= Helen Kimble =

Africanist and campaigner (1925–2019)

Helen Kimble, née Rankin (1925 – 4 December 2019) was an Africanist and campaigner.

==Life==
Helen Rankin was born in Boxmoor, Hertfordshire, the daughter of Thomas Rankin, a Scottish doctor, and Kathleen McClelland. She was educated at Queenswood School. After Girton College, Cambridge, where she graduated in 1945 in economics and literature, she did postgraduate training in adult education at Oxford University, where she was supervised by Thomas Lionel Hodgkin. After a job as an editor at the Bureau of Current Affairs in London, she married the academic David Kimble. He was appointed director of extramural studies at the University College of the Gold Coast, and the couple left for Ghana in 1949.

The Kimbles worked together on several projects, particularly publications for African audiences. Helen edited a series of pamphlets on African current affairs, and co-edited the African series for Penguin Group. In 1963 she and David co-founded the Journal of Modern African Studies, co-editing it until 1972. She also taught economics at the University of Dar es Salaam.
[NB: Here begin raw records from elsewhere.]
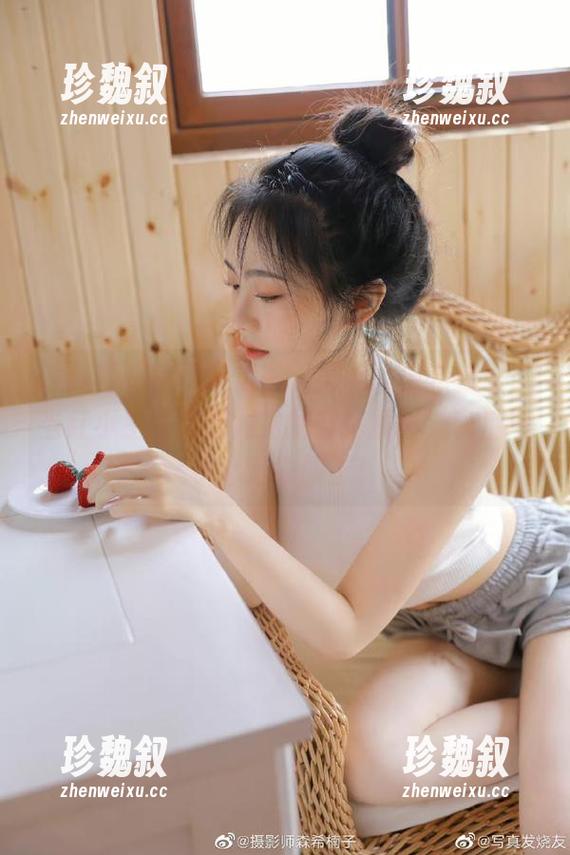 黑料网 首页有风险,黑料网发布合影:当红小生跟亲密对象的穿搭撞衫,以后得小心选衣服了!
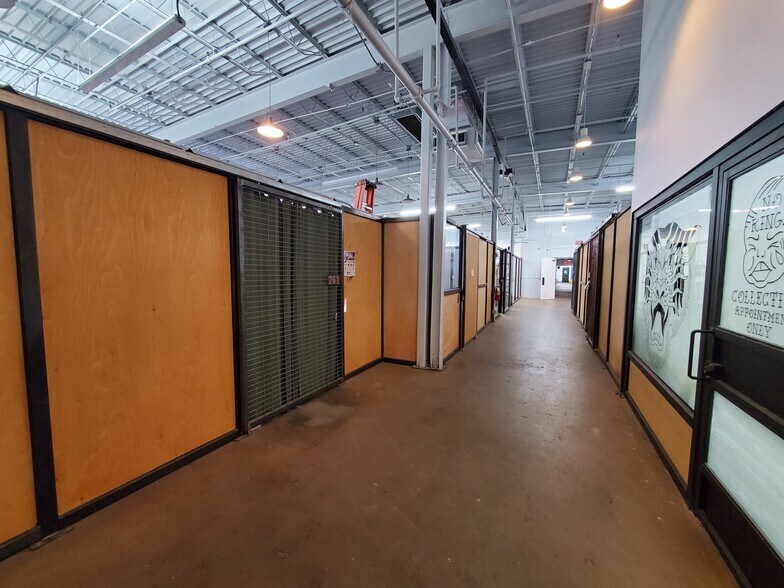 More Photos Of 1300 S Polk St, Dallas Light Manufacturing For Lease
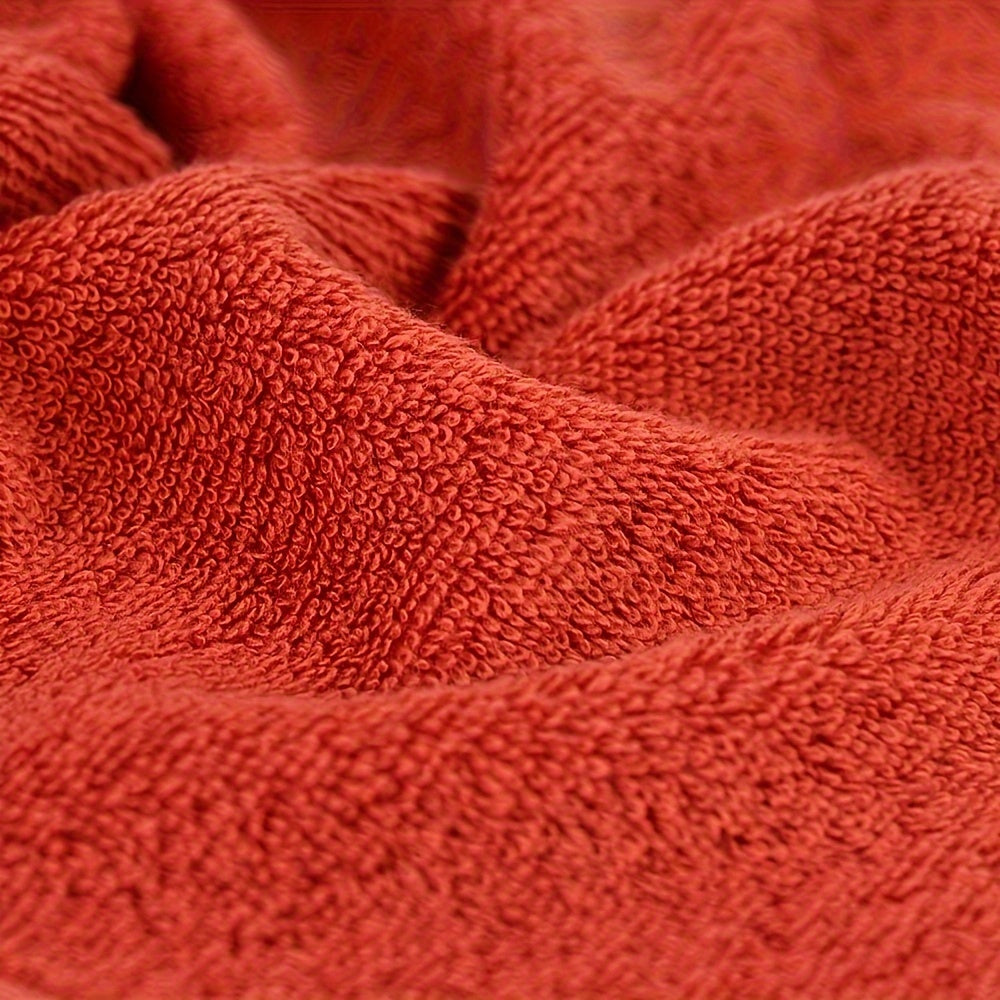 100% paxtadan yasalgan 6 ta to'plam yuz sochiqlar, turli naqshlar bilan, tana va yuz uchun mukammal, mehmonxona, sayohat va har kuni foydalanish uchun ajoyib. Har bir sochiq to'qilgan va 360 GSM og'irlikka ega, o'lchami 33.02x33.02 sm.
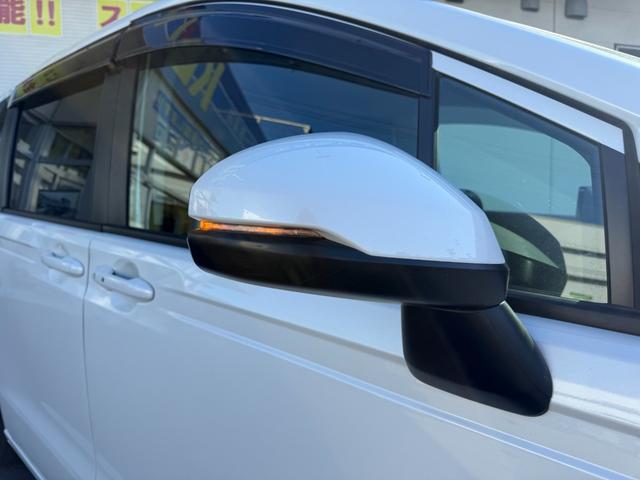 フリード ｅ：ＨＥＶエアー　ＥＸ　禁煙　純正１１．４型ナビ　両側電動スライド　バックカメラ　ＥＴＣ２．０　ＢＳＭ　衝突軽減装置　車線逸脱警報　コーナーセンサー　Ｂｌｕｅｔｏｏｔｈオーディオ　フルセグＴＶ　ＤＶＤ再生　ＬＥＤヘッドライト（46枚目）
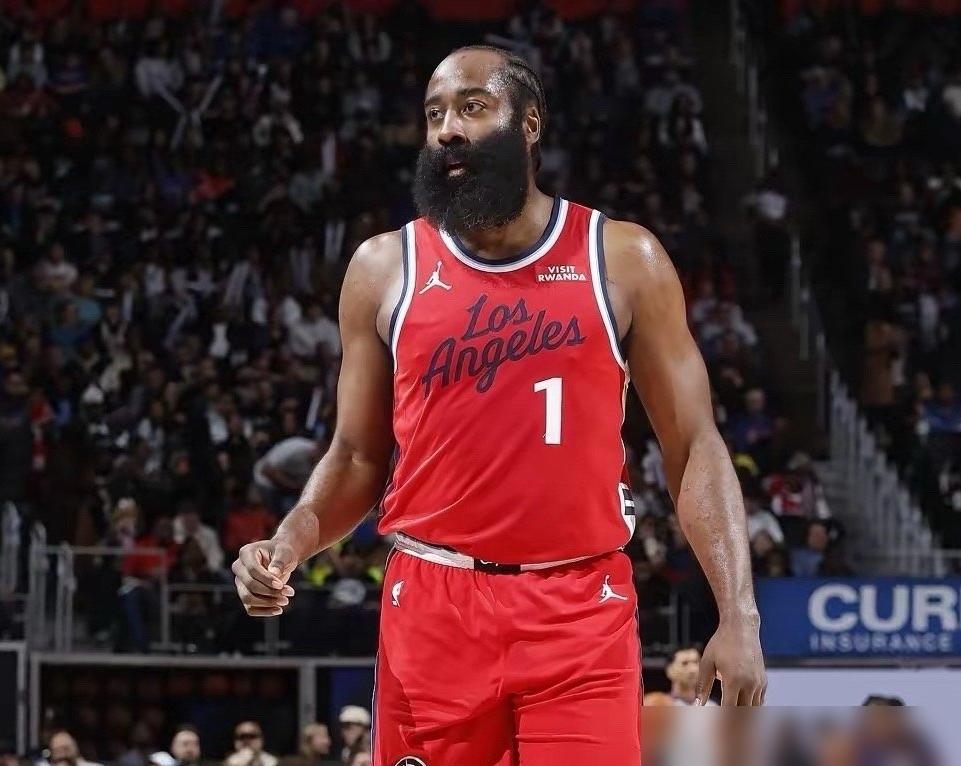 有一说一，今日杜兰特和哈登根本不在一个级别！！杜兰特：本场出战39分钟，投篮12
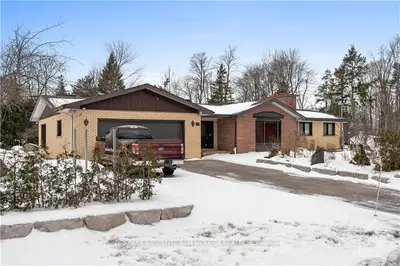 14 Tennyson Street, Country Place - Pineglen - Crestview And Area, On K2e 5w6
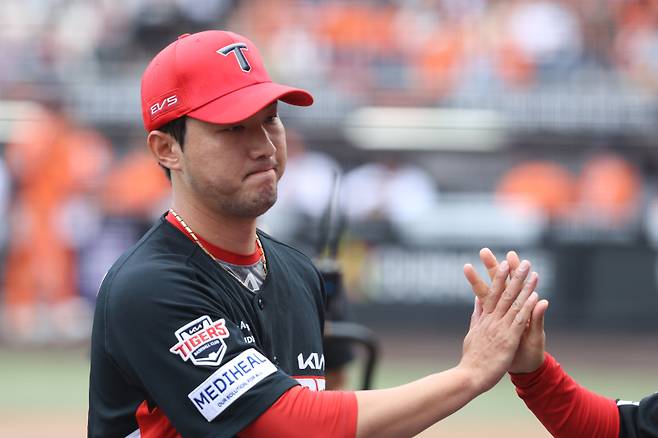 지난 1월 친정팀 KIA와 계약하며 눈길을 끈 홍건희. 하지만 예상치 못한 부상에 공백기를 갖게 됐다. KIA 제공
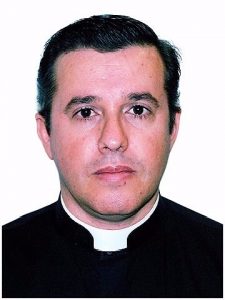 Pe. Almir Roberto Borges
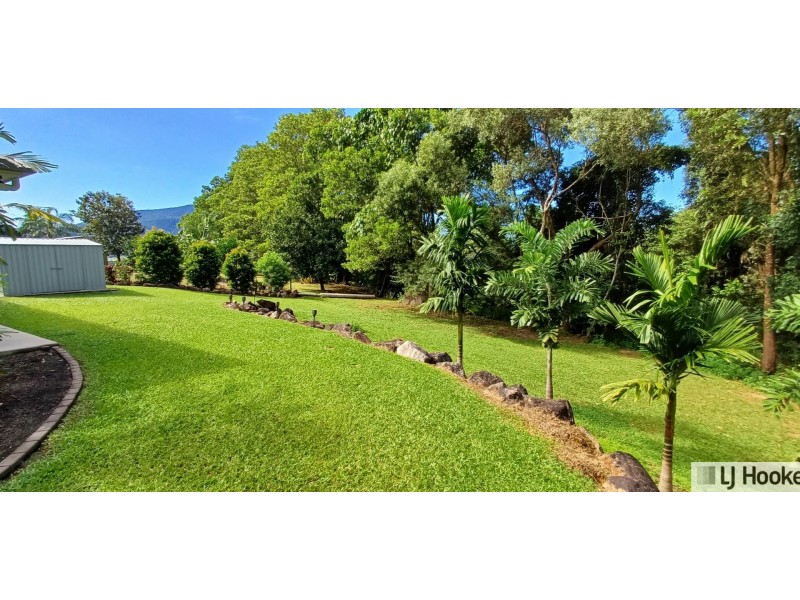 46 Pease Street, Tully QLD 4854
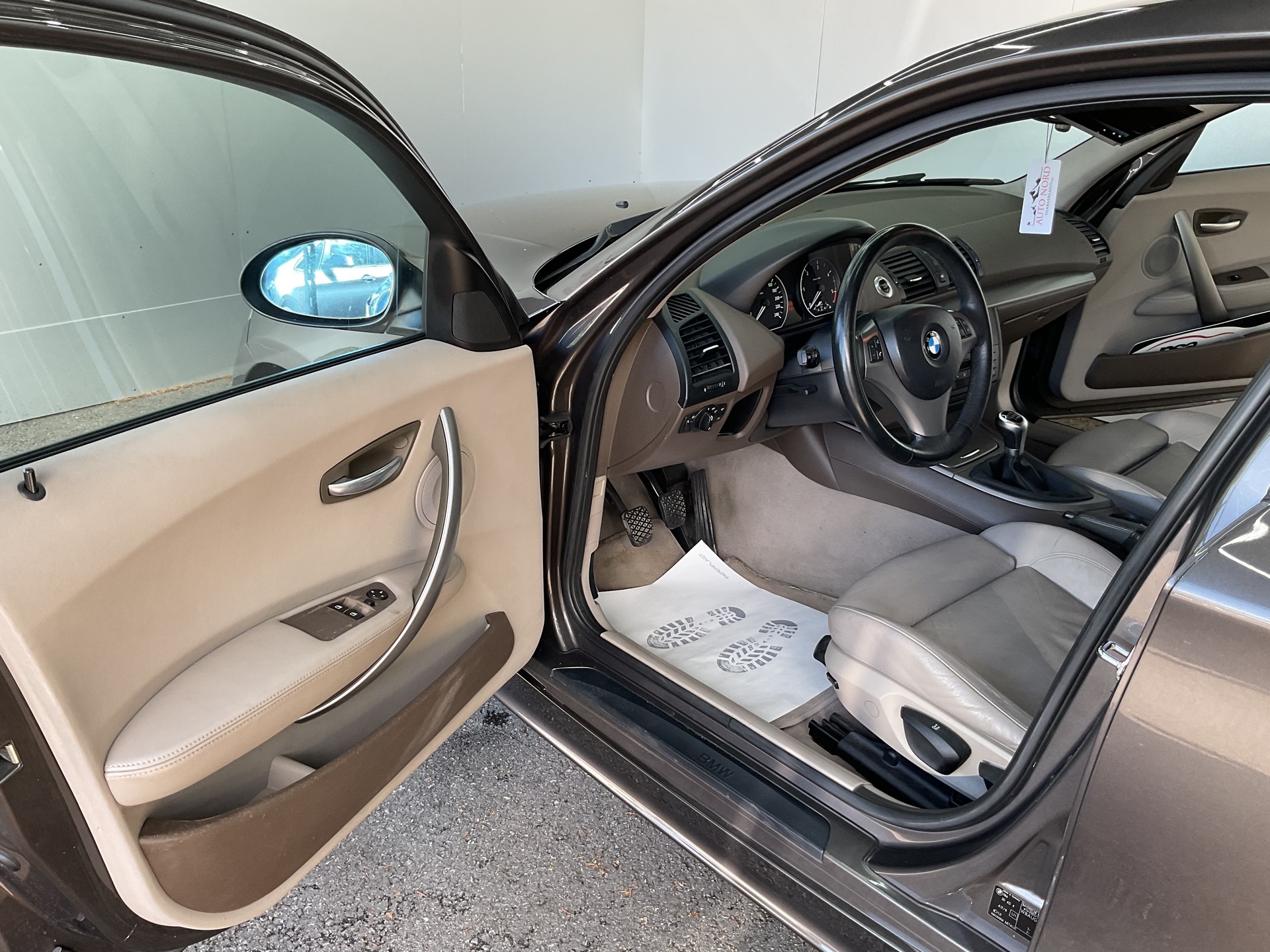 BMW 118d-image-6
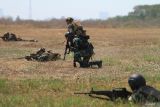 Prajurit Korps Marinir TNI AL bersama prajurit Korps Marinir Amerika Serikat (USMC) melaksanakan praktek patroli pada Latihan Gabungan Bersama (Latgabma) Super Garuda Shield (SGS) di Lapangan Bhumi Marinir Karangpilang, Surabaya, Jawa Timur, Selasa (27/8/2024). Latihan tersebut bertujuan untuk berbagi teknik dan taktik dalam melaksanakan patroli tempur. Antara Jatim/Umarul Faruq/mas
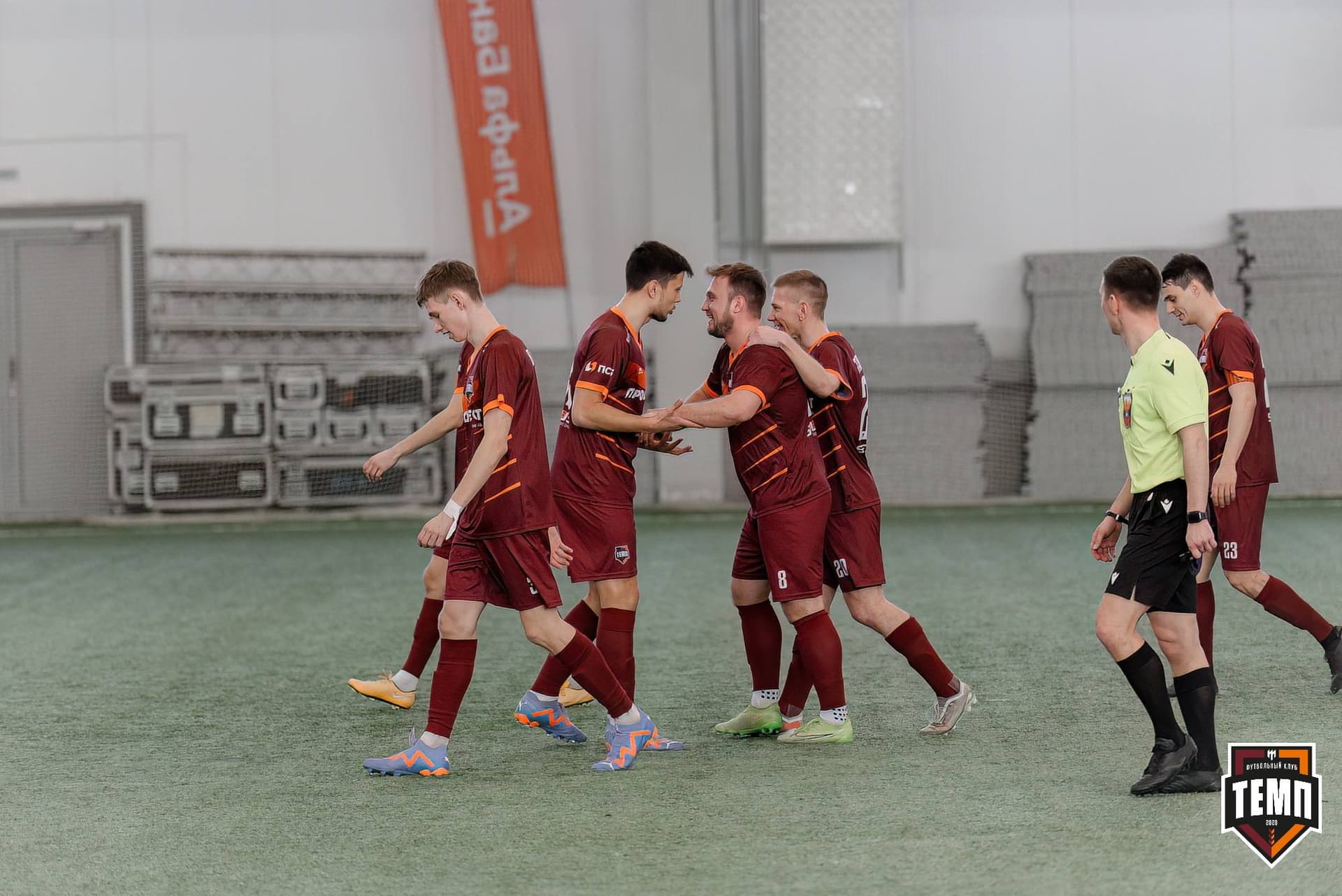 «Темп» 5:0 «Бурятия». Третья лига. 25.04.2025 — кадр 123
Divorcing David in 1977, Helen moved to live in Oxford. She worked with the anti-apartheid movement, monitoring the 1994 South African general election, which brought Nelson Mandela to power. She also campaigned in support of the refugees imprisoned at Campsfield House.

She died aged 94 on 4 December 2019.

==Works==
- (with David Kimble) Adult education in a changing Africa : a report on the Inter-African Seminar held in the Gold Coast from December 10 to 23, 1954. 1955.
- Price control in Tanzania. 1968.
- Effective membership of agricultural co-operatives : report on pilot study in Oxfordshire. 1977.
- Desperately seeking asylum: the view from Oxford. 1998.
- (ed.) Migrant labour and colonial rule in Basutoland, 1890-1930 by Judith M. Kimble. 1999.